From the line holding "924 W 6th St., Hattiesburg, MS 39401" through the line holding "ASOS DESIGN - Langärmliges" below, write out every line exactly; include both of those lines and drop the pictures.

_EXERCISE DATA:_
▬▬▬▬▬▬▬▬▬▬

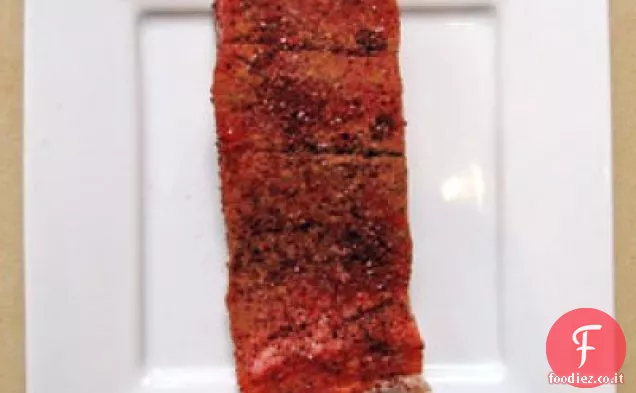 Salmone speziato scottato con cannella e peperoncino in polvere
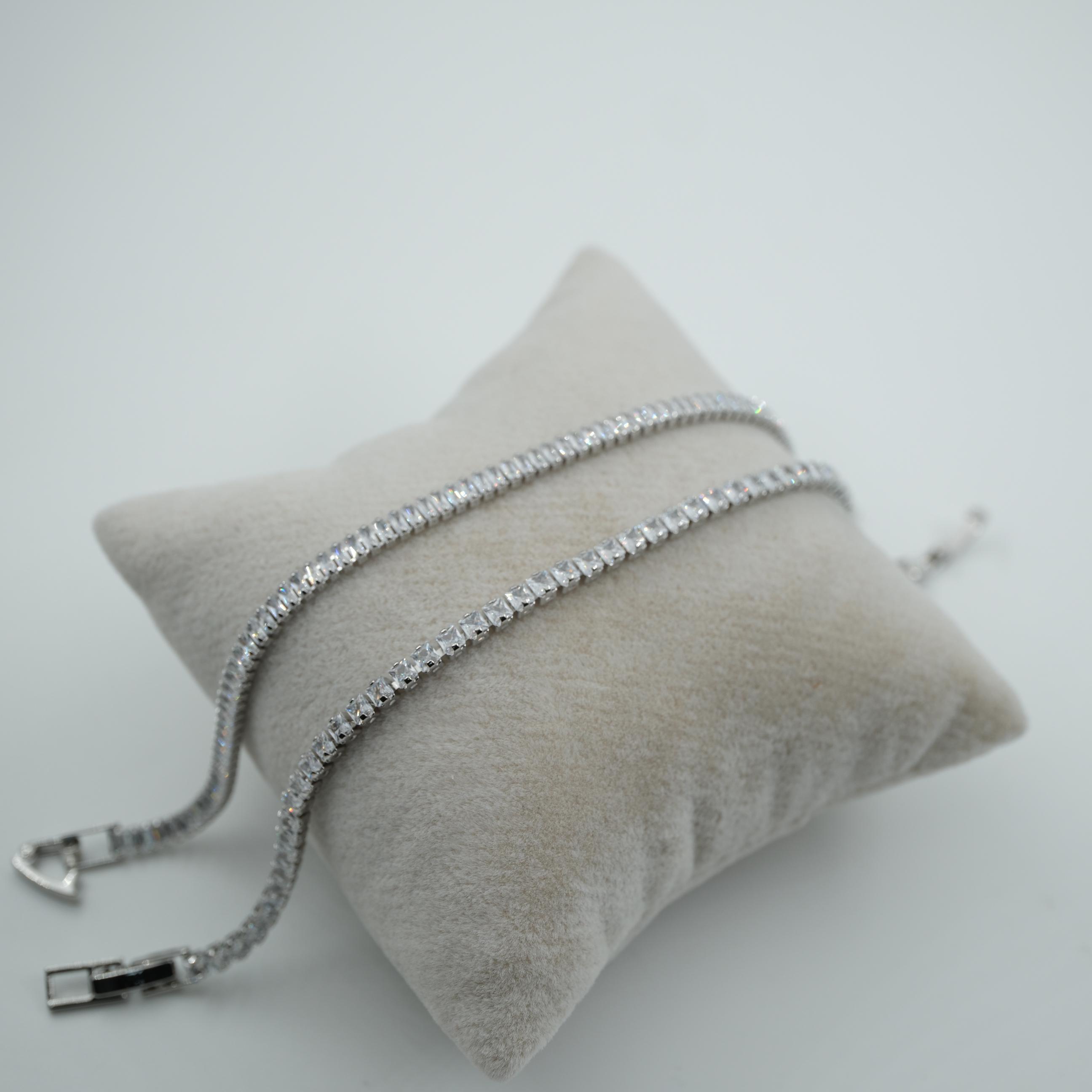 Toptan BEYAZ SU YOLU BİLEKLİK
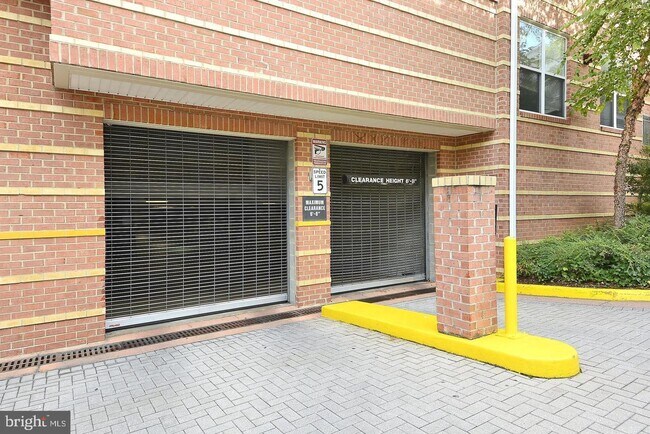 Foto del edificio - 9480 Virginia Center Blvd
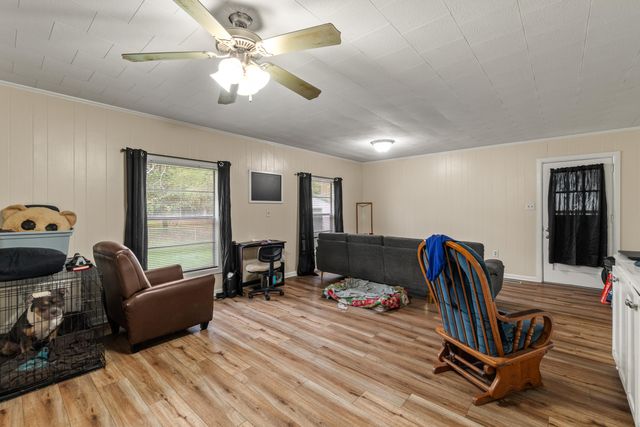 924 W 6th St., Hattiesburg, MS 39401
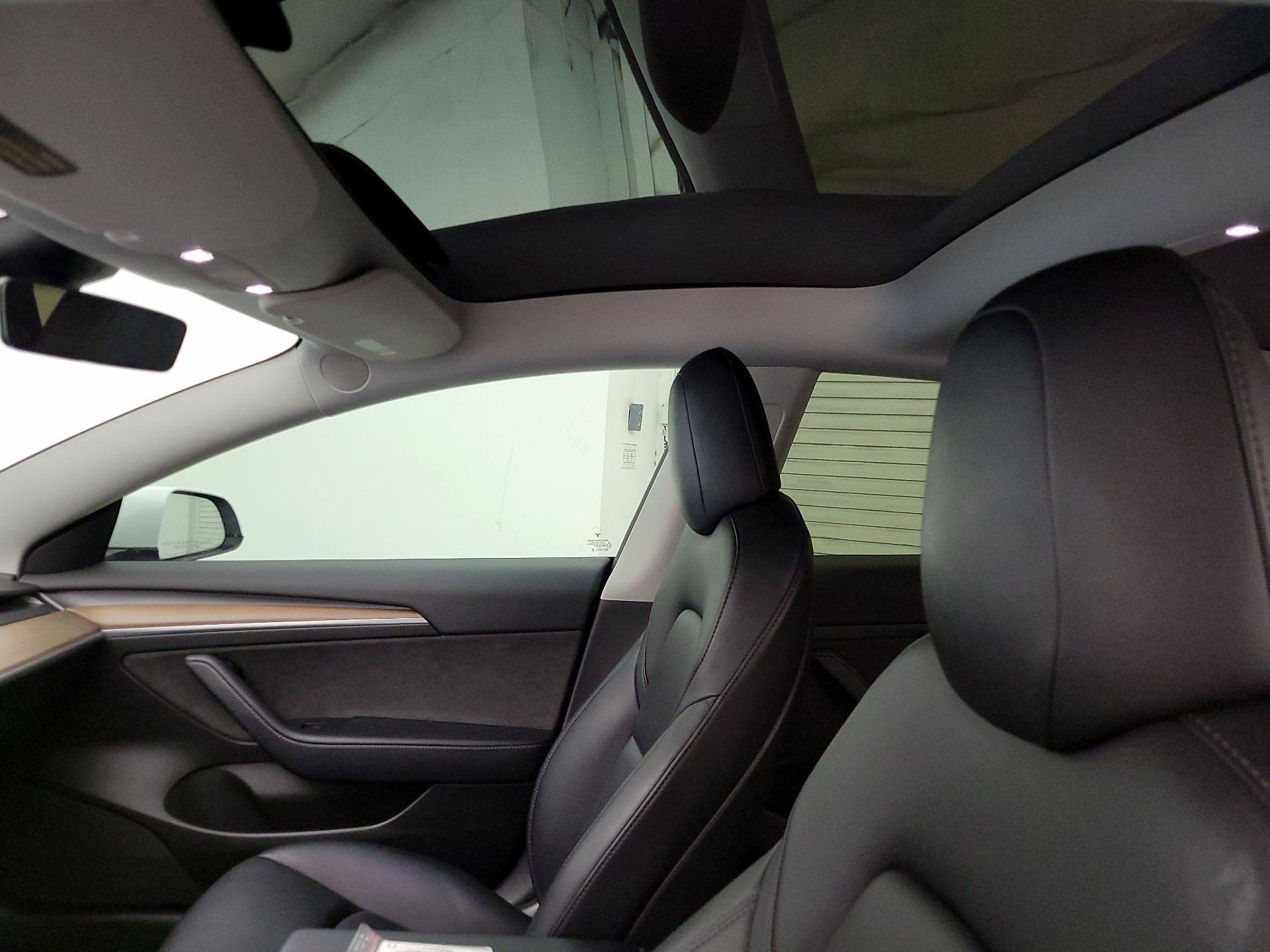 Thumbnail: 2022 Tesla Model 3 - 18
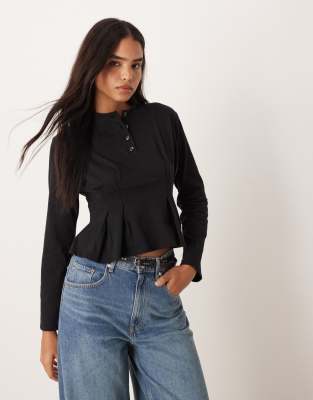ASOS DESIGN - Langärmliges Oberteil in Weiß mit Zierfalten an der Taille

▬▬▬▬▬▬▬▬▬▬

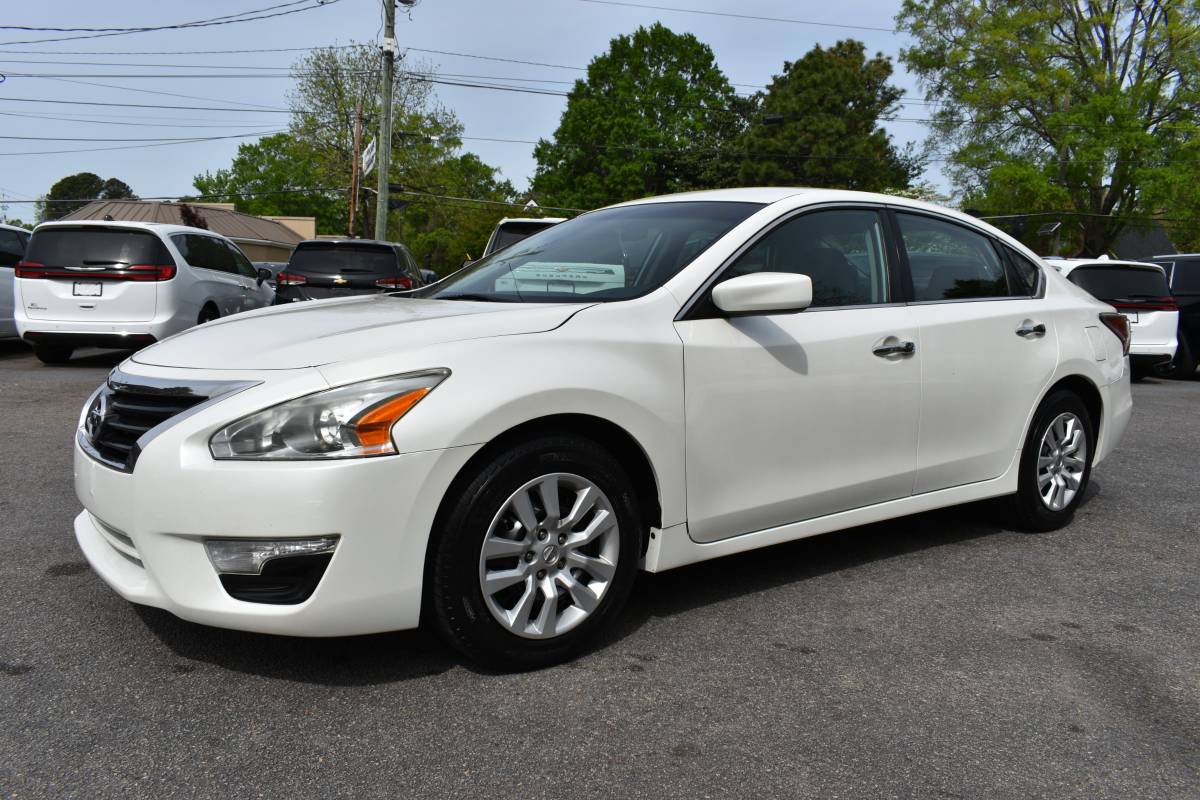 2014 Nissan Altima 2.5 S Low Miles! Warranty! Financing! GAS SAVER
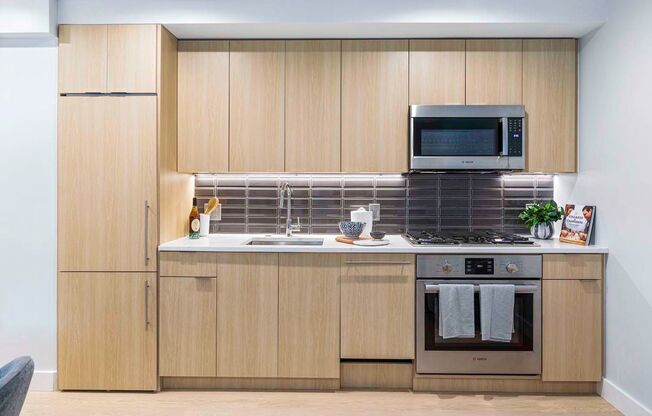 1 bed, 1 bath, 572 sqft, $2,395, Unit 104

▬▬▬▬▬▬▬▬▬▬

_RESPONSE:_
 924 W 6th St., Hattiesburg, MS 39401
 Thumbnail: 2022 Tesla Model 3 - 18
ASOS DESIGN - Langärmliges Oberteil in Weiß mit Zierfalten an der Taille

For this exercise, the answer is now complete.